Dr. Carol Lee’s cultural modeling supports the direct discussion of encouraging students’ everyday knowledge in content-specific learning spaces (Lee, 2003). At its core, cultural modeling (CM) allows researchers and educators to create a routine inventory of students’ practices during out-of-school activities and engagements (Lee, 2007). This curation provides beneficial insight into students’ cultural and cognitive practices, specifically in their community settings (Lee, 2014). The key to CM is creating an opportunity for educators to map students’ lived experiences and skills onto domain-specific content areas, topics, and procedures across the learning setting (Lee, 2008). Cultural modeling was designed using research on student learning, expert-novice studies, and human development. Dr. Lee used CM to inform the interdisciplinary field of learning sciences while making a persuasive case for the inclusion of culture and cultural practices in the understanding of human learning.

Informal out-of-school makerspaces are a popular resource, providing students an opportunity to learn and engage in both active learning and building community (Bowler, 2014). Yet, empirical research around makerspaces has found the collaborative and learning narratives to be rife with continued biases and equity concerns (Halverson & Sheridan, 2014), particularly for racially minoritized participants (Sengupta-Irving & Vossoughi, 2019). In a 2013 presentation at a FabLearn conference at Stanford University, Dr. Leah Buechley declared: “The Maker movement has grown large enough and influential enough that it’s time to turn a critical eye to the culture of the community, what we want it to be and what it really is.” Critiques of makerspaces and the movement are increasing in both the academic and classroom communities, with the stated purpose of making sure that the community looks inward and fulfills the stated transformative promises (Sheffield et al., 2017).

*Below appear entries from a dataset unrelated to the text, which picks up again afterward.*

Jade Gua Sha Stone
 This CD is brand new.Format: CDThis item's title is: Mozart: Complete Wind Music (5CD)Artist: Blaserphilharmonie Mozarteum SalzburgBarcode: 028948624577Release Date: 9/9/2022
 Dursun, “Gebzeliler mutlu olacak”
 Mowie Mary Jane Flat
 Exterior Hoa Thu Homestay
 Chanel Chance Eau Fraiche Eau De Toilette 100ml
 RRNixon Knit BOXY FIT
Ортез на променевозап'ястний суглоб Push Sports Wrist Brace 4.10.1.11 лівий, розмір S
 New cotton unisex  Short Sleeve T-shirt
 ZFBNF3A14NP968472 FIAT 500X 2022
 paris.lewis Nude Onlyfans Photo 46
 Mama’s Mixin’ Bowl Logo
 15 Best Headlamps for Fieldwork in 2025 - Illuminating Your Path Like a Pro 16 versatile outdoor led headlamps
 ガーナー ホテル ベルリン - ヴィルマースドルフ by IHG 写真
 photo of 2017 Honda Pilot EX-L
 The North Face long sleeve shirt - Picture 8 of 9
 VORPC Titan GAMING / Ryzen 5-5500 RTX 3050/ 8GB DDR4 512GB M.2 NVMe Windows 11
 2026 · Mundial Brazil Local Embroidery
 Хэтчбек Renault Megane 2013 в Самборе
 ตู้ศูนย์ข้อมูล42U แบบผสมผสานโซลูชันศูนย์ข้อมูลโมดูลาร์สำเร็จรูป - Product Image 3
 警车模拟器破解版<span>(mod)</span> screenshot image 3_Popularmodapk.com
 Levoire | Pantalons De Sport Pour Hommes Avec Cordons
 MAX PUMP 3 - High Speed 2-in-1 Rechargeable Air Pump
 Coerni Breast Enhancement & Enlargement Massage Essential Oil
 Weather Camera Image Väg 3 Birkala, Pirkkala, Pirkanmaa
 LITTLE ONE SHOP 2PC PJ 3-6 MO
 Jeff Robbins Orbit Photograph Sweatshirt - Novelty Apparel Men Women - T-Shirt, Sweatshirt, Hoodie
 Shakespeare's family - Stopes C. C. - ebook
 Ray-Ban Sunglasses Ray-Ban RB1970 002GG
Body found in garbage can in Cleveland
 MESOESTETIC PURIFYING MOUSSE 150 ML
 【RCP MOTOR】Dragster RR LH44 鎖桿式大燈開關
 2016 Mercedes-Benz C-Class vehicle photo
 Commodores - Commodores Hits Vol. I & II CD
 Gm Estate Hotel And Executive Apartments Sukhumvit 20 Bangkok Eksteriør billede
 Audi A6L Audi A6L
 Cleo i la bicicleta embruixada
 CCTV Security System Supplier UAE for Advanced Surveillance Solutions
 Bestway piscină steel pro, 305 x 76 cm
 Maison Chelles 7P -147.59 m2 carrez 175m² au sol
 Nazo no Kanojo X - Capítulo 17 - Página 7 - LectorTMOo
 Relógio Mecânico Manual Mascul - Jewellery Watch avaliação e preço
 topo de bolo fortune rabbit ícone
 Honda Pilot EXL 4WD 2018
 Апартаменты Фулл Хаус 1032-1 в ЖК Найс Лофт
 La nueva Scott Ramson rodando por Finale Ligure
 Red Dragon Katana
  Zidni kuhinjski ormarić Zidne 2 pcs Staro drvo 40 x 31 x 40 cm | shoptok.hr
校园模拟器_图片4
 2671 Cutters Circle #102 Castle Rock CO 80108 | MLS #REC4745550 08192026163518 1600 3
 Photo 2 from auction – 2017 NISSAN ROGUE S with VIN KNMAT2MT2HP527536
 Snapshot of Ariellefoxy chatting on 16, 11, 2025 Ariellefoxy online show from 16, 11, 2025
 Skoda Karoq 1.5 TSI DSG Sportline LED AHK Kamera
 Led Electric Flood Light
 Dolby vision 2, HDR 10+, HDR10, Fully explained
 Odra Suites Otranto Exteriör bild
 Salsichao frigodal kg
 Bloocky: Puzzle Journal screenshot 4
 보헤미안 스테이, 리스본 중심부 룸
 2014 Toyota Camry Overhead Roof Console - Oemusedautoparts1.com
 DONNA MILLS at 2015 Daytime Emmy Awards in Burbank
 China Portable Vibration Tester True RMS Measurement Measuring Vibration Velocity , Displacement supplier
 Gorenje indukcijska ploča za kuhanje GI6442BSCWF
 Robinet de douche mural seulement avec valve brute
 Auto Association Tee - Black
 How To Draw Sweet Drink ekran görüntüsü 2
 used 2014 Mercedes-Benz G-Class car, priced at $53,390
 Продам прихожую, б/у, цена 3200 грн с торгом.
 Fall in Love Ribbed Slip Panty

The research critically examining makerspaces beyond the disruptive narrative and dismantling force has been led by critical pedagogists and social justice-minded academics who firmly believe in the potential of these informal spaces. Yet, makerspaces have never been portrayed as counter spaces to the hegemonic powers that govern STEM special interests (Vossoughi, 2014). Counter spaces present themselves as alternatives to the mainstream philosophies of learning, engagement, and production (Ong et al., 2018). Many makerspaces have a running ethos around competitive success and computer-integrated activities, which often reflect the normative behaviors of white male scientists or engineers (Edouard & Kim, 2017). The counter-narrative around makerspaces relies on assessing students’ activities, where testing takes a back seat to the activities’ learning and project-based creation. Each is the selling point in the test- and data-heavy education landscape that has presented itself over the last 40 years. Makerspaces counter data and testing norms by providing an evangelist-style unifying language around disruptions, innovation, and technological tools (Dougherty et al., 2016).

However, role power, time, and unstructured play in the makerspace are missing in the research narrative. For many who have found themselves on the outside of the makerspace, there is this question: Who specifically defines the ethos of creativity and engagement in a makerspace? Interdisciplinary critical pedagogists and learning scientists have zeroed in on the power dynamics surrounding the design and formation of makerspaces (Sengupta-Irving & Vossoughi, 2019).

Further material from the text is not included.